Kaplumbağa terbiyecisi tablosu neyi anlatıyor?

339px-Kaplumbağa_Terbiyecisi_vers2

Osman Hamdi Bey tarafından iki farklı şekilde çizilen Kaplumbağa terbiyecisi tablosu, önemli eserlerindendir.

Kaplumbağa terbiyecisi tablosunu incelersek, kırmızı uzun bir elbise giyen sakallı ve kafasında külahı bulunan bir adamın belinden sıkıca bağlanmış bir kemerle ayakta duruyor. Odanın içi mavi çinilerle kaplı bir şekilde eşyasız ve bakımsız bir odada, elinde ney ile arkası yarı dönük bir vaziyette duran bir adam var. Başına taktığı külahın etrafına gelişigüzel bir şekilde sarılmış yemeni ve arakiye takmış. Adamın ayakları etrafında dolaşan ve yaprak yiyen kaplumbağalar bulunmaktadır. Bu odanın bulunduğu yer olarak, Bursa Yeşil Cami’nin üst kısmında ki oda tasvir edilmektedir. Bu odanın duvarlarının çinileri ve sıvaları yer yer dökülmüştür.

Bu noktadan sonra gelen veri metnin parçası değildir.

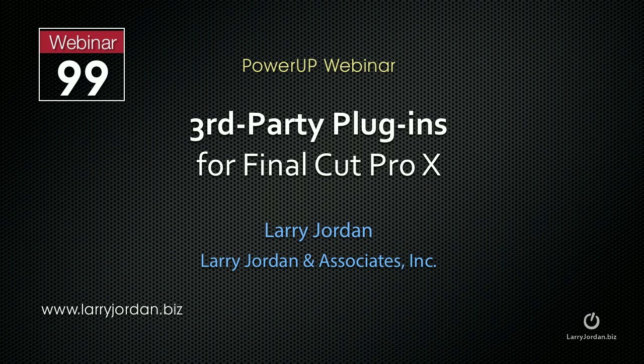The following is an excerpt of a recent power-up webinar called Third-Party Plugins for Final Cut Pro X.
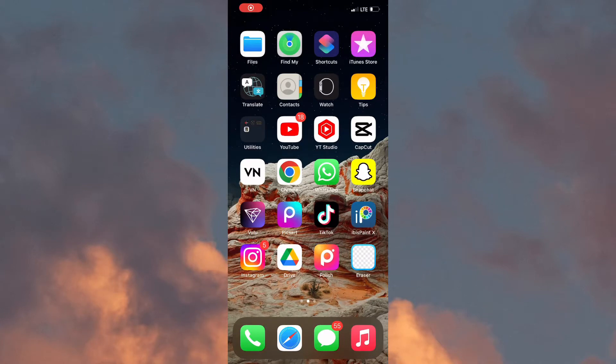Hey guys, so in today's video I'll be showing you how to secretly screenshot in BeReal. So let's get started.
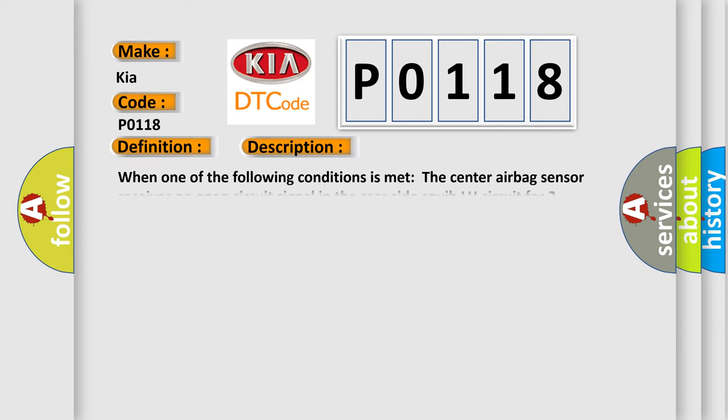When one of the following conditions is met: the center airbag sensor receives an open circuit signal in the rear-side squib LH circuit for two seconds, a rear-side squib LH malfunction, or a center airbag sensor malfunction.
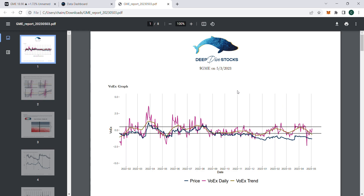All right, Jamie, let's jump into it. So let's start off with VOEX. VOEX is really interesting. VOEX is this pink line right here, and the yellow is just the running average of VOEX.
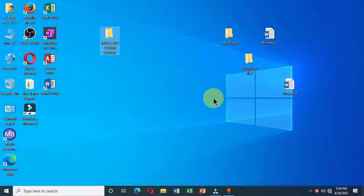We have so many methods through which we can move files and folders on our computer desktop, and in this tutorial I'm going to highlight how to move files and folders using different methods.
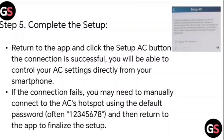Click the 'Setup AC' button in the app. Once the connection is successful, you will be able to control your AC settings directly from your smartphone.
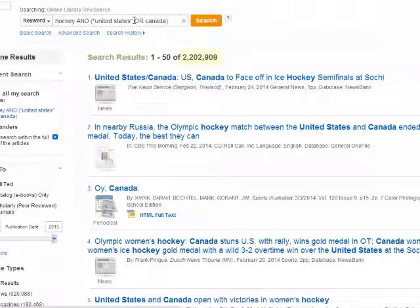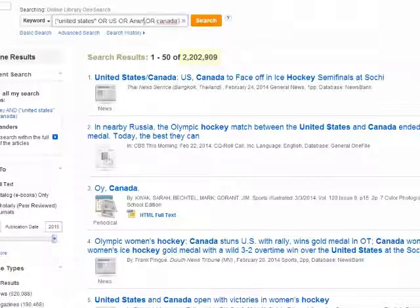Using the OR gave us a lot more search results: 2,202,909. We have so many more because the database is giving us not only results that mention the United States AND Canada, but also the ones that mention either one or the other. OR has another use too — 'United States' isn't the only thing this country is called. You can add 'United States OR US OR America,' all within the same set of parentheses, and that gives us even more search results.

Güneşten gelen ışık, sadece terbiyecinin önünde bulunan alçak pencereden gelmektedir. Ayaktaki adam elinde bir ney tutmuş bir şekilde ellerini arkasına kavuşturmuş.  Sırtında bir nekkare asılıdır. Bazı kişilere göre ise bu adamın arkasına taktığı şey, eskiden dilenciler ve dervişler tarafından kullanmış olan ve Hindistan cevizinden yapılmış olan, dilenci çanağı eski ismi keşkül-ü fukara olduğu söylemektedir.

Bu tabloda önemli olan nokta ise, alçakta ki pencereden gelen tek ışık kaynağının tabloyu aydınlatırken, tabloda bulunan öğelerinin asıl konuya odaklanması için yalınlık ve muhteşem bir kurgu ile gereksiz bulunan ayrıntıları ayıklaması ile çok değerli ve başarılı bir başyapıt olmasıdır.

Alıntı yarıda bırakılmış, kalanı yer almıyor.